Web Resources (Alphabetical by Title)

Ecclesiastical Ireland
A "sister" site to F.J. & K.D. Schorr's main site, Irish Round Towers, designed to hold the many photos of the many Irish churches and abbeys they have visited. Most pages have numerous "clickable" thumbnails producing 1024x780 versions. Included are detailed driving instructions to each site. Other sites by F.J. & K.D. Schorr: Irish Irish High Crosses, Ancient Ireland, focusing on ancient Irish antiquities, and Irish Castles.



Irish Antiquities
A terrific site by a knowledgeable and informed author-photographer, Brian T. McElherron, who has visited a plethora of both early Christian and megalithic sites (and a few not so early historical sites) in all Irish counties. Included is a valuable Glossary of Architectural Terms. McElherron, who has been photographing sites since 1975, also has two other websites worth visiting: another ecclesiastical site, The Churches of County Armagh, and also a website with both early christian and megalithic sites, The Stone Circle.



Heritage Ireland
Many of Ireland's pre-historical and historical sites -- almost 800 as of May 2007 -- are under the care of the State.This useful site introduces you to those built heritage sites (managed, maintained, and presented by the Office of Public Works - OPW) and those natural heritage sites (managed, conserved, and presented by the National Parks & Wildlife Service - NPWS).
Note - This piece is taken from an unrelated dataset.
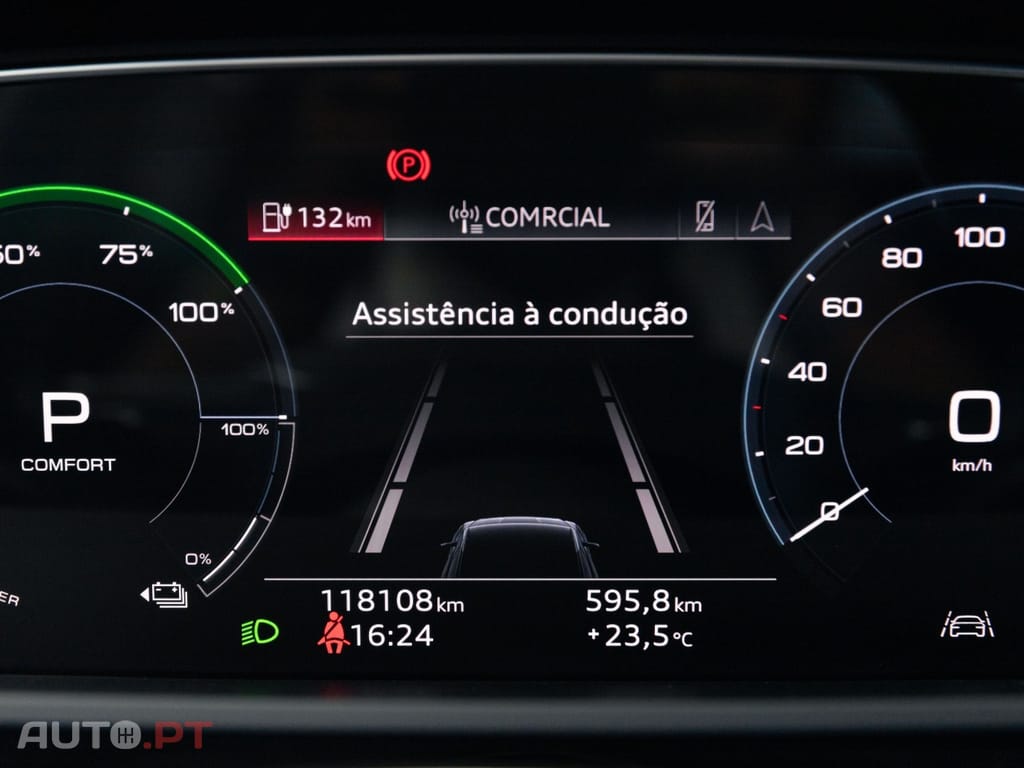 Audi E-Tron 50 quattro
Each site listed gives much useful information -- location, opening times, admission charges -- for visitors.

Irish High Crosses
A "sister" site to F.J. & K.D. Schorr's main site, Irish Round Towers, designed to hold the many photos of the many Irish high crosses they have visited. Most pages have numerous "clickable" thumbnails producing 1024x780 versions. Included are detailed driving instructions to each site. Other sites by F.J. & K.D. Schorr: Ecclesiastical Ireland, Ancient Ireland, focusing on ancient Irish antiquities, and Irish Castles.


Irish Round Towers
F.J. & K.D. Schorr's main site, designed to hold the many photos of the many Irish round towers they have visited. According to the authors: "On our first trip to Ireland, we saw our first round tower...and on our last trip we actively sought them out. It has become a sort of quest. What this website IS all about, is to share our photographs and some of the information...on the round towers we have visited. Each one has unique features and many have additional interesting antiquities..."


Monastic Ireland
Between the 5th and 8th centuries, there was a remarkable flourishing of Celtic Christianity. Monastic Ireland brings to life the stories of the Celtic saints, their vibrant spirit and the places associated with them. A subsite of the Catholic Ireland website, it relates the stories of nine famous monastic sites in present-day Ireland and Northern Ireland and the principal saints associated with each one.


Mystical Ireland
The new September 2022 Mythical Ireland website. Mythical Ireland was established in March of the year 2000 by author, journalist, astronomer, and photographer Anthony Murphy. The website represents a journey into the ancient past, casting new light on the early history of Ireland. This exploration takes place through many different disciplines, including archaeology, anthropology, astronomy, mythology, spirituality, and genetics.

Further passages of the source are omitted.